Apparently the DSNY has not been able to renew their operating permit. I do not know why this is the case. They say they are searching for new facilities. Meanwhile, there are two other sites to pick up fresh compost this fall, at the Fresh Kills Facility on Staten Island and at the Sound View Facility in the Bronx.

Last year DSNY gave away at Spring Creek great brown paper leaf bags. They also have compost bins at discounted prices for sale. Check out the schedule for this years compost giveways. Also check out the schedule for leaf pick-up.


  1. When I went to the compost giveback in the Spring, they told me I couldn't take any pictures. The unofficial reason given was the sensitivity around this issue.

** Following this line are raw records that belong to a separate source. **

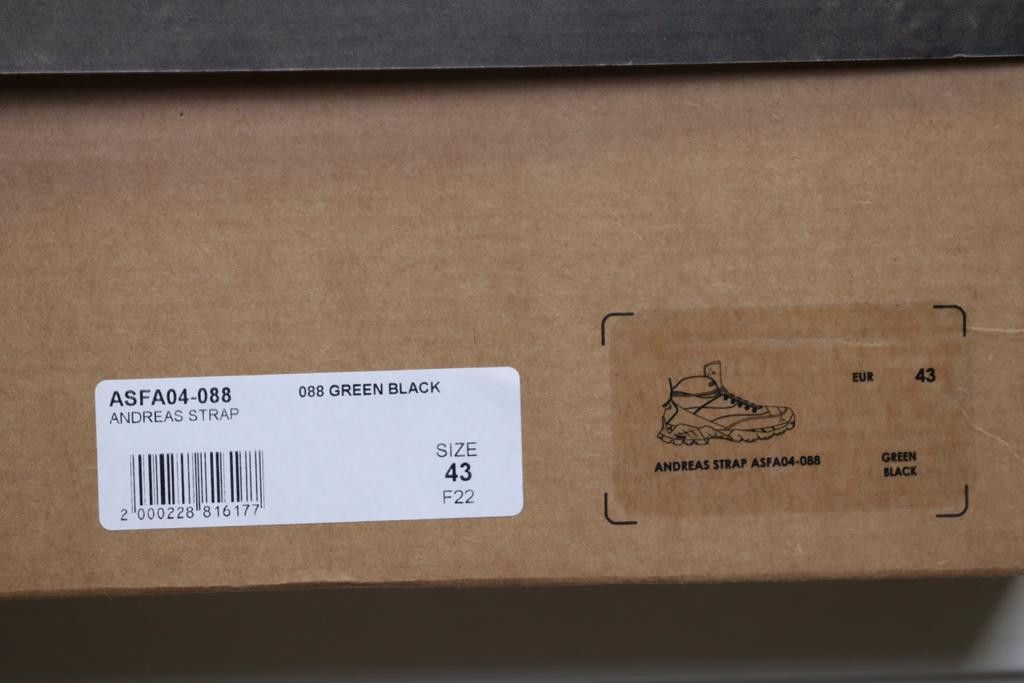 ROA Andreas Strap Sneakers / Boots in Green Size US 10 / EU 43 - 11 Thumbnail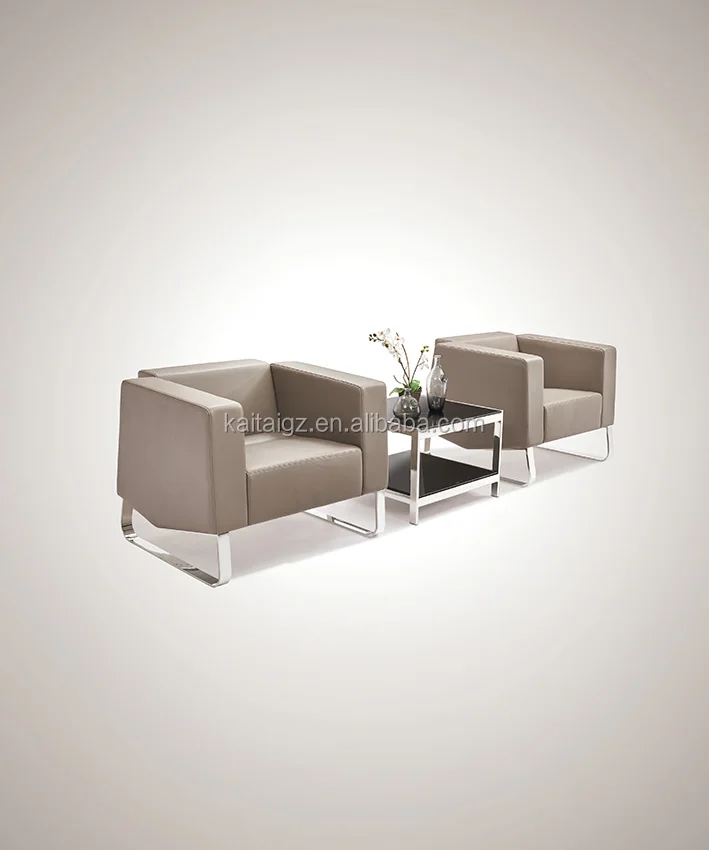 K8812 PU leather office sofa set conference business sofa set using from China living room sofa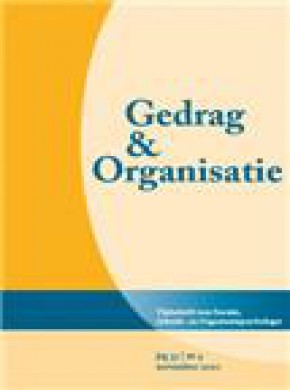 Gedrag & Organisatie期刊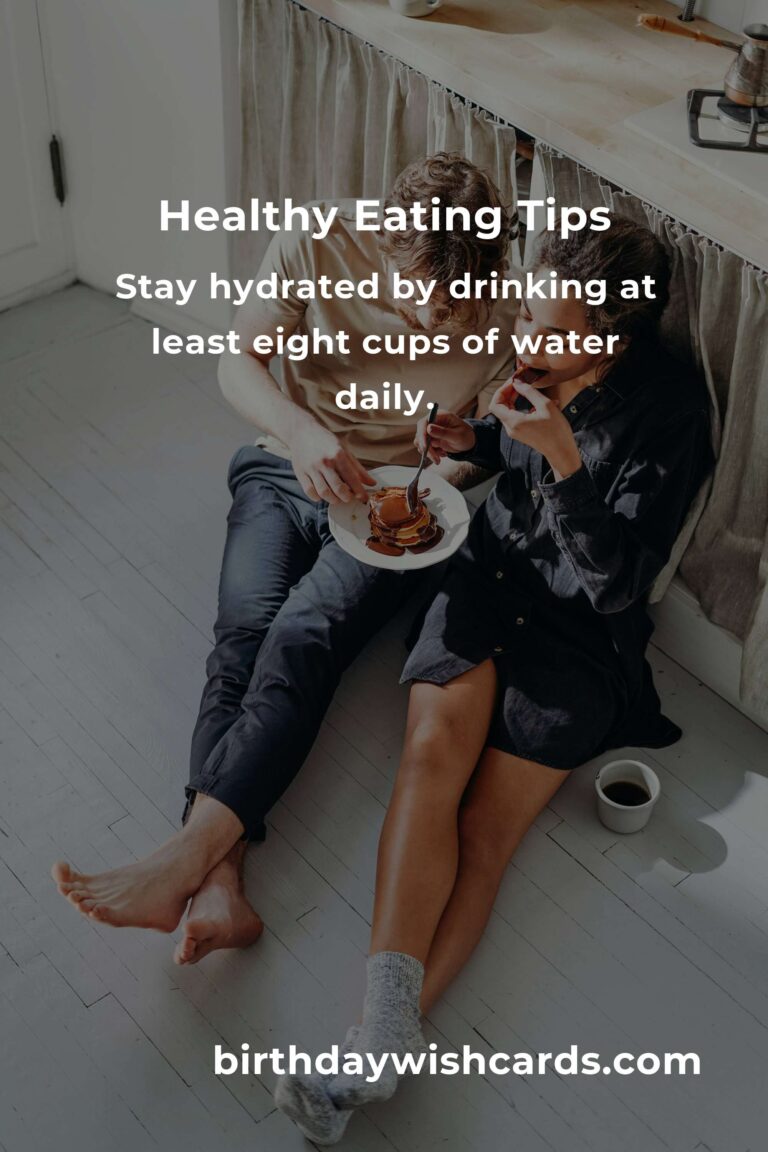 Quick Tips for Healthy Eating on a Busy Schedule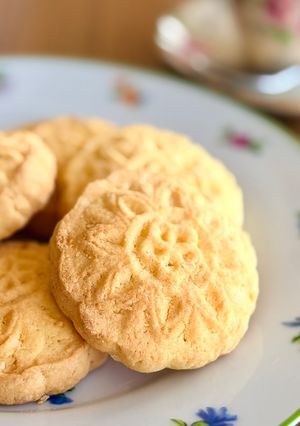 Foto de Bolachinha de coco e fubá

    I think two factors have contributed. One is complaints from residents, who have complained about smells arising from the site. This is, shall we say, garbage, since compost wouldn't smell. The complaints probably arise from other activities at the site, having nothing to do with the composting operation.

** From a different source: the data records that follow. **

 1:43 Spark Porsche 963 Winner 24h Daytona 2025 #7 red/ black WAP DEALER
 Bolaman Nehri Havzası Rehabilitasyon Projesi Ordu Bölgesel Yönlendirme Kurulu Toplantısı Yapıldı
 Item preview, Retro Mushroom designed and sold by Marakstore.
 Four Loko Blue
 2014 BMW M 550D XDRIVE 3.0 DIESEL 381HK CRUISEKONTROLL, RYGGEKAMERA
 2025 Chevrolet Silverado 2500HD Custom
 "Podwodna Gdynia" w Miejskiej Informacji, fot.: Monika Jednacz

    The second factor is that the land has become too valuable. I don't know where else they could do it. Queens and Brooklyn have simply been cut out of the giveback program.

  2. Xris,

    Thanks for the input. I have been to large scale agricultural composting sites that have some odor, but Spring Creek has never had a scent that I was aware of while there.

    I don't know where they would do it, either. Yet it is such a shame, and to have to travel that much farther -and I would if I still had a car, to get the compost. I suppose we'll have to concentrate on small scale composting.

    I appreciate your blogging and your lengthy blogger list-I've visited almost all!

  3. I know it's no the same as scoring big buckets and bags of compost, but I have had a worm bin in my basement for four years. It has worked out wonderfully and I get easily 2 five gallon buckets of worm castings every six months. It is some work, and they are living creatures to be responsible for, but as pets go, they are pretty self sufficient. You need to be willing to touch worms, however. Lots and lots of them. It's pretty amazing. If you don't have a basement, it can still be done. There are good websites about it. The only suggestion I would add to the info on the web, is that especially when doing it inside, you place the plastic lidded container holding the worms and the food and newspaper scraps on four bricks inside a larger plastic container. Poke holes in both lids and in the bottom of the smaller container, placing some window screen over it so the worms don't fall out. The reason to do this is it's tidier and more contained and it is easier to make use of the liquid that drains out which can be diluted and sprayed on plants or watered into the ground. It also is a less soggy, more pleasant environment for the worms.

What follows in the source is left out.